* Problem details *
Type out the listing again, exactly, with every line included.

* Dataset excerpts *
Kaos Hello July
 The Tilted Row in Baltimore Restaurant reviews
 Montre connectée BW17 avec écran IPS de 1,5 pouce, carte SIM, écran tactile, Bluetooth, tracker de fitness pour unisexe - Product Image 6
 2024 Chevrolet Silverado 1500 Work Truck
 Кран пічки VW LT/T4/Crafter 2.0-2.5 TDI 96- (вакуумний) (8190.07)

* Response box *
Kaos Hello July
 The Tilted Row in Baltimore Restaurant reviews
 Montre connectée BW17 avec écran IPS de 1,5 pouce, carte SIM, écran tactile, Bluetooth, tracker de fitness pour unisexe - Product Image 6
 2024 Chevrolet Silverado 1500 Work Truck
 Кран пічки VW LT/T4/Crafter 2.0-2.5 TDI 96- (вакуумний) (8190.07)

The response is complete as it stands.